Agentic Use#

Metasmith exposes its full Python API as a CLI under metasmith (alias msm). The same surface is used by humans typing into a shell and by LLM agents shelling out with --json for machine-readable output. There is no server process — each invocation loads what it needs from disk and exits.

An LLM agent can drive Metasmith end-to-end — register inputs, author transforms, plan workflows, run, wait, tail logs, and collect results — entirely through shell commands.

This section is the canonical reference for agent-driven use.

Who this is for#

  • LLM agents that shell out to metasmith ... --json.

  • Engineers who want one stable, typed, scriptable surface that mirrors the Python API.

If you are writing a Jupyter notebook by hand, prefer the Python tutorials.

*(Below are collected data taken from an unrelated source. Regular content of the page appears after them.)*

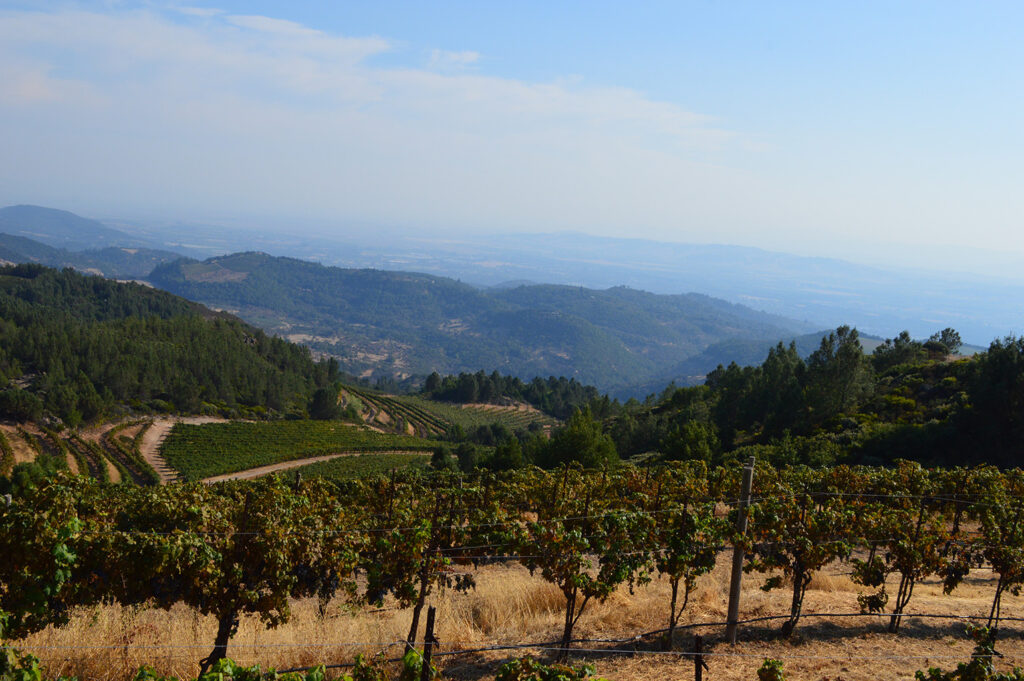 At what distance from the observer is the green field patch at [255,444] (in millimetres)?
50562

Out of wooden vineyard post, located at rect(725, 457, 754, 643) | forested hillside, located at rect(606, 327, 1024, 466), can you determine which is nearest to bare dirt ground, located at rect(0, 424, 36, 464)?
forested hillside, located at rect(606, 327, 1024, 466)

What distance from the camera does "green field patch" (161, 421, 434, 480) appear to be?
50562 millimetres

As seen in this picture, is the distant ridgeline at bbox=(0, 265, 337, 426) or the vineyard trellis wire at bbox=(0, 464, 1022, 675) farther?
the distant ridgeline at bbox=(0, 265, 337, 426)

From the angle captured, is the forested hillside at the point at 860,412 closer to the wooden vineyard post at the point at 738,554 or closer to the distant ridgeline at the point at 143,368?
the wooden vineyard post at the point at 738,554

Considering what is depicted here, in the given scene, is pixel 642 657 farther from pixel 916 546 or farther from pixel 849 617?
pixel 916 546

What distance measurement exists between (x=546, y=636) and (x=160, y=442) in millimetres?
58915

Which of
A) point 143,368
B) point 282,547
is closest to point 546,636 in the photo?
point 282,547

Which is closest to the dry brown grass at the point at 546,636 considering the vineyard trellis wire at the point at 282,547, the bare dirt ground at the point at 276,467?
the vineyard trellis wire at the point at 282,547

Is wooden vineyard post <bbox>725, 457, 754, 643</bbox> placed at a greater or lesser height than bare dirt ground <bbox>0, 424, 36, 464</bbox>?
greater

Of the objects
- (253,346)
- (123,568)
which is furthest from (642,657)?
(253,346)

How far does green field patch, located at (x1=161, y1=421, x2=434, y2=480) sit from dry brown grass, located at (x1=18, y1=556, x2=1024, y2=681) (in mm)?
40343

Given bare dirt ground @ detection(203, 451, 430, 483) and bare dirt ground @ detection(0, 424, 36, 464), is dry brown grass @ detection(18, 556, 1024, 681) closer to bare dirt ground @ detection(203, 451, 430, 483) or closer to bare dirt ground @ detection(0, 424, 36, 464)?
bare dirt ground @ detection(203, 451, 430, 483)

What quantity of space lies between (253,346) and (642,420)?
89376 mm

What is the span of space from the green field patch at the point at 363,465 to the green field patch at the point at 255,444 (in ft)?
11.9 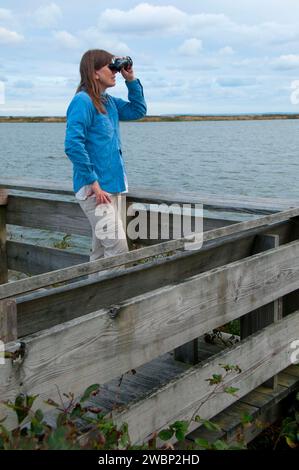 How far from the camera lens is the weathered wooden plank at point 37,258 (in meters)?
5.58

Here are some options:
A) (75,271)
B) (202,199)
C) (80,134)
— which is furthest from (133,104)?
(75,271)

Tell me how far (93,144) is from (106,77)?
47 centimetres

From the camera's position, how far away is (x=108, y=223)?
4527mm

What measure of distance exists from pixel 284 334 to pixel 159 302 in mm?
1422

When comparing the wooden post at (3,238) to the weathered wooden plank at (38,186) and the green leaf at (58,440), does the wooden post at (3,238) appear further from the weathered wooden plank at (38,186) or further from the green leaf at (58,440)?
the green leaf at (58,440)

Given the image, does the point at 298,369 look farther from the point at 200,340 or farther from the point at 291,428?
the point at 291,428

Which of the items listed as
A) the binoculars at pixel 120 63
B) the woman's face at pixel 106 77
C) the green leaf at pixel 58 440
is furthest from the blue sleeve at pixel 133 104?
the green leaf at pixel 58 440

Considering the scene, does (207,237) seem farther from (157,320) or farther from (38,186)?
(38,186)

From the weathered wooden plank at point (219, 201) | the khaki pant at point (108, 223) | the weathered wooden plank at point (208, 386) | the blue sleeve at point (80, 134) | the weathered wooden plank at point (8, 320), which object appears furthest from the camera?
the khaki pant at point (108, 223)

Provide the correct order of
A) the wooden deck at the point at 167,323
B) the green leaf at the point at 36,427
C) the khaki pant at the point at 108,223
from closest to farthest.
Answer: the green leaf at the point at 36,427 < the wooden deck at the point at 167,323 < the khaki pant at the point at 108,223

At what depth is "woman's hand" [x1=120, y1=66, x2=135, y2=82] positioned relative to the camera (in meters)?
4.63

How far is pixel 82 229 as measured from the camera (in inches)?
213

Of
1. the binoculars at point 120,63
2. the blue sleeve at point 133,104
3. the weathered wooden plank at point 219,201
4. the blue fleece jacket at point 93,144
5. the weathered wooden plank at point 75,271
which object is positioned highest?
the binoculars at point 120,63

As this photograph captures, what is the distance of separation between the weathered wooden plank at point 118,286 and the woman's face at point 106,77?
1.40 meters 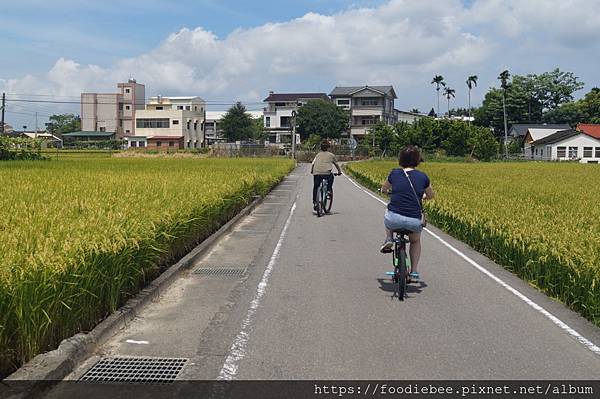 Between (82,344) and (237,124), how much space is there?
309 ft

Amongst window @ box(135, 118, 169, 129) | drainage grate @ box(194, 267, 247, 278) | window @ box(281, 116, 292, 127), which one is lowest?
Result: drainage grate @ box(194, 267, 247, 278)

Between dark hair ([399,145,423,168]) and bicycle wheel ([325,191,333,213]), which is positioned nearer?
dark hair ([399,145,423,168])

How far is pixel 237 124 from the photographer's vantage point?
321 feet

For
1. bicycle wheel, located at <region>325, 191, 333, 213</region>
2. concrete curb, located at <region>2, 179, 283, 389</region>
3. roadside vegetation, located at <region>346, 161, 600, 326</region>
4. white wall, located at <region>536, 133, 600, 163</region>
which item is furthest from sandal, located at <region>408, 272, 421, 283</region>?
white wall, located at <region>536, 133, 600, 163</region>

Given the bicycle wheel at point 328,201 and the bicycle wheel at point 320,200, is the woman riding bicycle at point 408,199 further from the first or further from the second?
the bicycle wheel at point 328,201

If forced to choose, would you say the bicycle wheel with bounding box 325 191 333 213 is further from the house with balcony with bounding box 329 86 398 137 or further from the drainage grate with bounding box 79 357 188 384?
the house with balcony with bounding box 329 86 398 137

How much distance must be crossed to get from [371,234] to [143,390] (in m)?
9.34

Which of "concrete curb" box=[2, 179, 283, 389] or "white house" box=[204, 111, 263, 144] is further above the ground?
"white house" box=[204, 111, 263, 144]

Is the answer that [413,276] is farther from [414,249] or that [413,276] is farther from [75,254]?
[75,254]

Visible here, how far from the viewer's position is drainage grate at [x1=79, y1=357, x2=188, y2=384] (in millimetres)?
4715

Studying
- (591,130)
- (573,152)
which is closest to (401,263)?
(573,152)

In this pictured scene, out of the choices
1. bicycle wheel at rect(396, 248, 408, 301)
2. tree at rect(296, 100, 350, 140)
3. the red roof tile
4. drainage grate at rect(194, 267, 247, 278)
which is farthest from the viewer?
tree at rect(296, 100, 350, 140)

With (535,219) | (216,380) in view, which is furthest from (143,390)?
(535,219)

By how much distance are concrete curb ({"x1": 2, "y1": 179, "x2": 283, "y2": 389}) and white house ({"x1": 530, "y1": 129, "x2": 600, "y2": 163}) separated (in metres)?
76.9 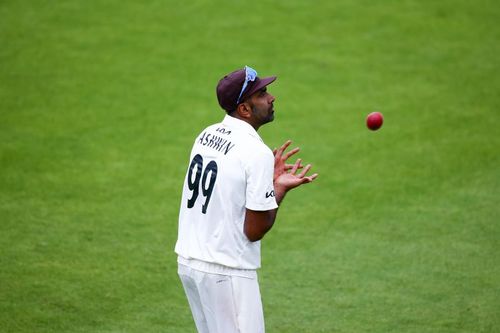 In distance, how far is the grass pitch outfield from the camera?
751cm

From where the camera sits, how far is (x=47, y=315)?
7133 millimetres

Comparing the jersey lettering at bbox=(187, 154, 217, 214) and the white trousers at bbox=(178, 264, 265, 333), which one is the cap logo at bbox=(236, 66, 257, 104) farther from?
the white trousers at bbox=(178, 264, 265, 333)

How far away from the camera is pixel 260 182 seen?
198 inches

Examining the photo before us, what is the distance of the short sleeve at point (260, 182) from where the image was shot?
16.4ft

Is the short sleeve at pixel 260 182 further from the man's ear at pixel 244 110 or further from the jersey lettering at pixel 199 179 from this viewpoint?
the man's ear at pixel 244 110

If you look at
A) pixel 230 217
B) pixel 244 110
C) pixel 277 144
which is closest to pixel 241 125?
pixel 244 110

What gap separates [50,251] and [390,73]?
644 centimetres

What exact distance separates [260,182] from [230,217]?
32 cm

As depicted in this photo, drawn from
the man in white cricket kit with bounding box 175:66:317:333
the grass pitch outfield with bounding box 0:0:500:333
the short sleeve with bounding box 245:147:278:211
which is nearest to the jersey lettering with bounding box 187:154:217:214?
the man in white cricket kit with bounding box 175:66:317:333

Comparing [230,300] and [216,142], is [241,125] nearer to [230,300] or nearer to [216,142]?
[216,142]

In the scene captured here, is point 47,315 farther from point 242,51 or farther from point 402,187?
point 242,51

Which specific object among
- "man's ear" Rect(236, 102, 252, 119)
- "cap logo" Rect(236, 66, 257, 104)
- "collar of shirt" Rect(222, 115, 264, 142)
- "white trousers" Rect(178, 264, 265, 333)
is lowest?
"white trousers" Rect(178, 264, 265, 333)

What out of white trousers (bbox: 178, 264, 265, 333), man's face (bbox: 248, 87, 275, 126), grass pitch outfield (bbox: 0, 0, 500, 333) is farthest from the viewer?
grass pitch outfield (bbox: 0, 0, 500, 333)

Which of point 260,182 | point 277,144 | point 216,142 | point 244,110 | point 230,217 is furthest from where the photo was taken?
point 277,144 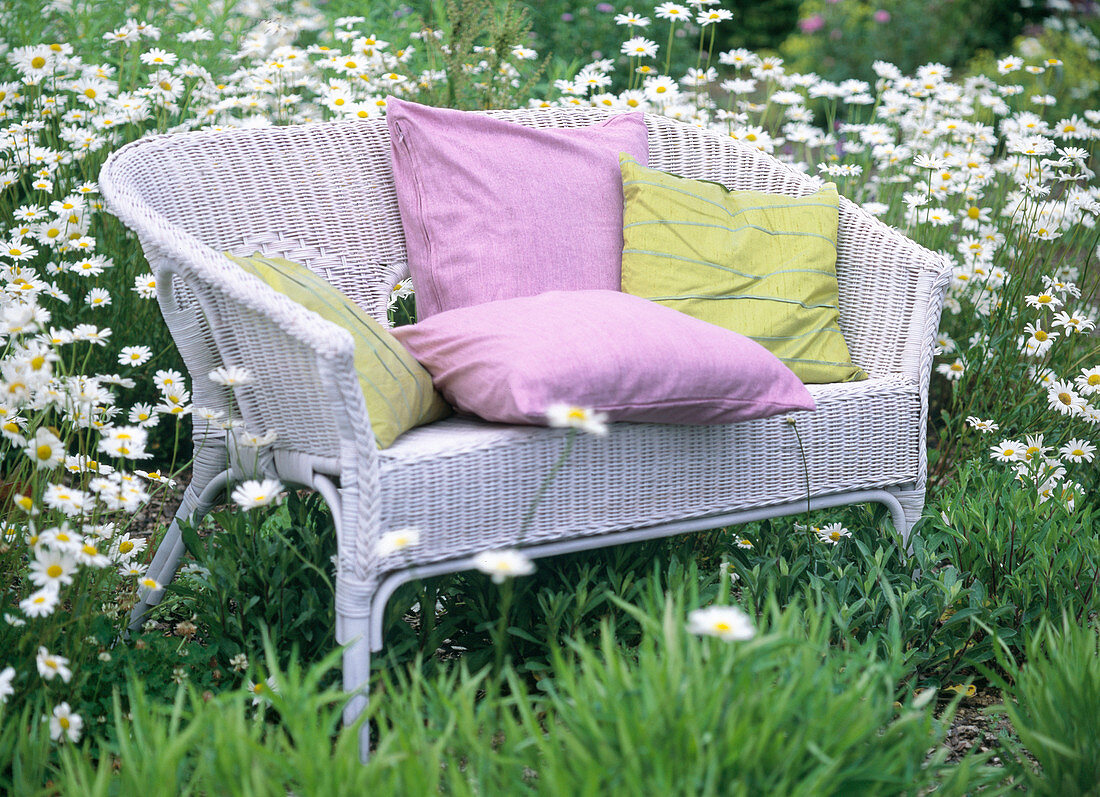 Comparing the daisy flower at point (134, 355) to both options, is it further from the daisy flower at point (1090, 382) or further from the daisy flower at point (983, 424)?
the daisy flower at point (1090, 382)

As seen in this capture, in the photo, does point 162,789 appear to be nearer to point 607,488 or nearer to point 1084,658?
point 607,488

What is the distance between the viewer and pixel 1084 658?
1346 mm

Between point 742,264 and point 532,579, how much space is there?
74 centimetres

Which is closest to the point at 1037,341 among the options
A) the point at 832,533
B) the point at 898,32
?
the point at 832,533

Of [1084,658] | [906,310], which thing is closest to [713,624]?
[1084,658]

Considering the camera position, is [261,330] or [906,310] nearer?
[261,330]

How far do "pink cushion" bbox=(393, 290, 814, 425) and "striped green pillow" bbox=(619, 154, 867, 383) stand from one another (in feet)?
1.10

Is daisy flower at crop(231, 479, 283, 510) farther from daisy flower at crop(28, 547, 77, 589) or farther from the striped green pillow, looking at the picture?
the striped green pillow

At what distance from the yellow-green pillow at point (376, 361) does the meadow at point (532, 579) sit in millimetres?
221

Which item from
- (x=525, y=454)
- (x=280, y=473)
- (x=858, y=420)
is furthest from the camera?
(x=858, y=420)

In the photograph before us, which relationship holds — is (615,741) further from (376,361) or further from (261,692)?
(376,361)

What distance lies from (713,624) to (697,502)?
65 cm

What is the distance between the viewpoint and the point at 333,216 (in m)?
1.97

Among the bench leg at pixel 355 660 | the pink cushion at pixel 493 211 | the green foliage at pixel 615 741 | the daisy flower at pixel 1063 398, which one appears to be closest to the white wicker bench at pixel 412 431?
the bench leg at pixel 355 660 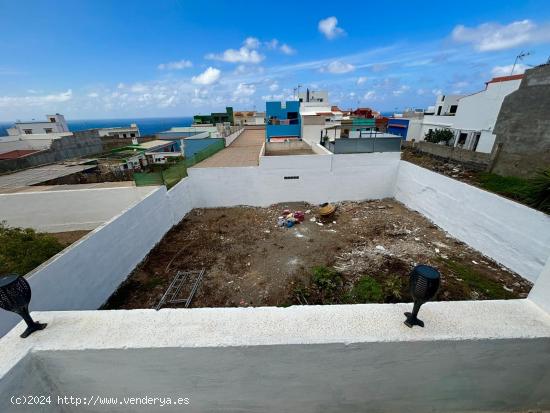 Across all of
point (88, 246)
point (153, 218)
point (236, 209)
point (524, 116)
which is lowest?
point (236, 209)

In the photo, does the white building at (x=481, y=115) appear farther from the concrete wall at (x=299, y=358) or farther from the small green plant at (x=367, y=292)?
the concrete wall at (x=299, y=358)

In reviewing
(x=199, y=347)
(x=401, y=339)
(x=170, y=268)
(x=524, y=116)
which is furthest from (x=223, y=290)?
(x=524, y=116)

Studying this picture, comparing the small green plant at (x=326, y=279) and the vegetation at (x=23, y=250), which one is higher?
the vegetation at (x=23, y=250)

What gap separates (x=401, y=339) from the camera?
1764mm

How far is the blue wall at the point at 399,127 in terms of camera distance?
87.6 feet

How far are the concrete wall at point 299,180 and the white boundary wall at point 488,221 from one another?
1.85 metres

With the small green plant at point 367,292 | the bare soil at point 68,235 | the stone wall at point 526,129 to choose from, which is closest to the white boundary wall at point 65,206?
the bare soil at point 68,235

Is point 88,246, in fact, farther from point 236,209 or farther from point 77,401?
point 236,209

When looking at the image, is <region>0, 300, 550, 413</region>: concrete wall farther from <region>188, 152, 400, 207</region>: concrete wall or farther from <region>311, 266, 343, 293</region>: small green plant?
<region>188, 152, 400, 207</region>: concrete wall

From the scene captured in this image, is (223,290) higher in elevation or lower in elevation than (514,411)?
lower

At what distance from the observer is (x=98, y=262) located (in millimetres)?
5066

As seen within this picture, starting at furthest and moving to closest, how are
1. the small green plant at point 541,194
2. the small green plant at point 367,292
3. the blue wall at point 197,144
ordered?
the blue wall at point 197,144 → the small green plant at point 541,194 → the small green plant at point 367,292

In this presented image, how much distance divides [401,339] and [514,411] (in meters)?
A: 1.68

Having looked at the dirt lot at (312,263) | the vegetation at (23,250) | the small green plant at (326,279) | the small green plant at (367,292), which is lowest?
the dirt lot at (312,263) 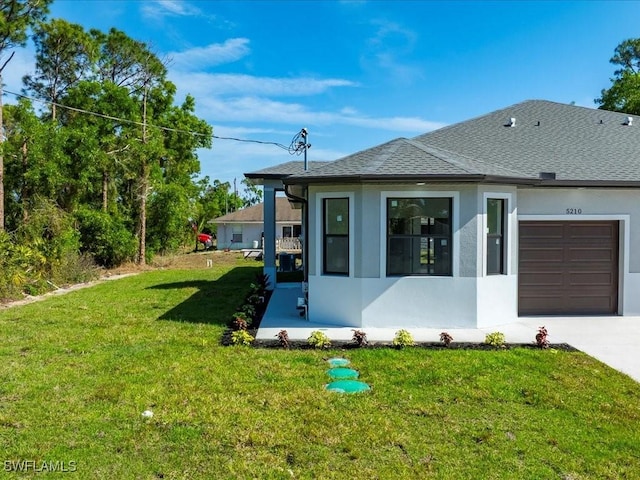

What a CLI-driven session looks like#

The canonical end-to-end shape is:

metasmith data create + data add-*       ──► typed inputs registered
metasmith agent save + agent deploy      ──► execution target ready
metasmith plan                           ──► task_key (cached to workspace)
metasmith workflow stage                 ──► nextflow scripts on the agent
metasmith workflow run                   ──► detached launch
metasmith workflow wait                  ──► blocks on `run completed at` sentinel
metasmith workflow tail                  ──► last N lines for inspection
metasmith workflow result-source         ──► where the results live
metasmith workflow collect               ──► copy back to a local/Globus dest
metasmith data trace                     ──► map outputs to their inputs

Every step above is a single CLI call returning JSON when invoked with --json. No state is held between invocations; the workspace directory (--workspace, default ~/.metasmith/workspace) caches planned tasks so they can be re-fetched by task_key.